What you have to do :: Could you restate word for word each line from the top of the listing below through the line containing "Comptoir du Mocassin"? Keep the pictures out.

Recorded information ::

-=-=-

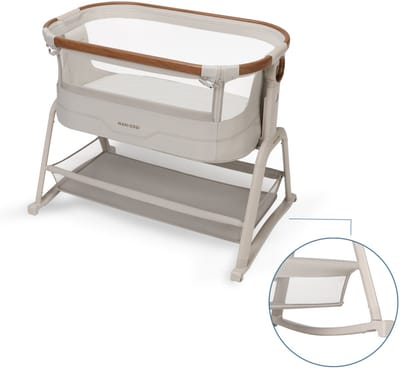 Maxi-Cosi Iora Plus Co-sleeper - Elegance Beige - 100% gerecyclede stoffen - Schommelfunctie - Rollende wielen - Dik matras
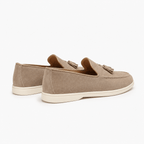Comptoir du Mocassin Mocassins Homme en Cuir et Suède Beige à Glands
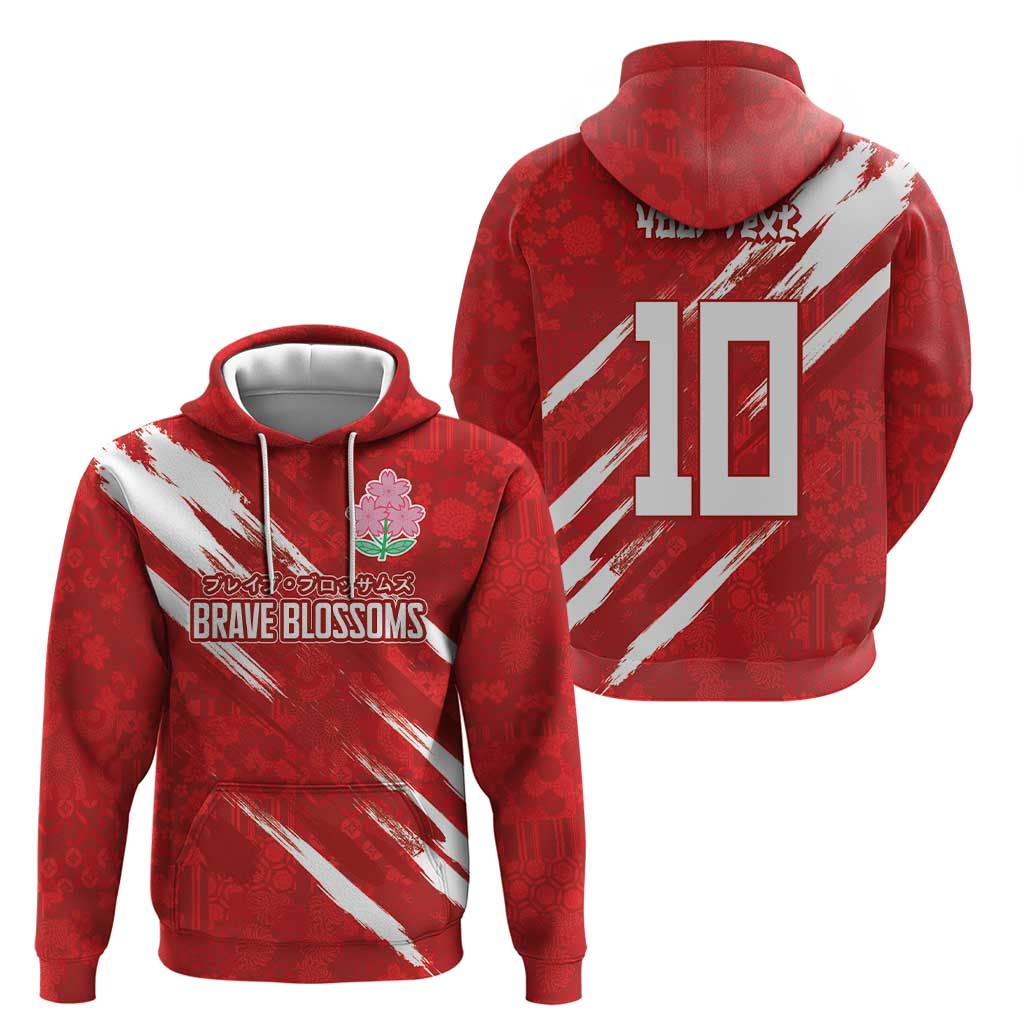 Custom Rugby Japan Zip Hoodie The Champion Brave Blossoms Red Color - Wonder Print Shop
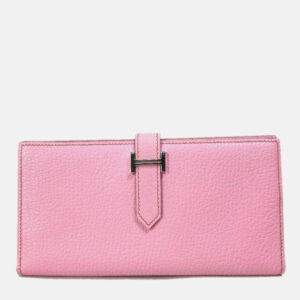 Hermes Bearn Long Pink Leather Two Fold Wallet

-=-=-

Response to this exercise ::
 Maxi-Cosi Iora Plus Co-sleeper - Elegance Beige - 100% gerecyclede stoffen - Schommelfunctie - Rollende wielen - Dik matras
Comptoir du Mocassin Mocassins Homme en Cuir et Suède Beige à Glands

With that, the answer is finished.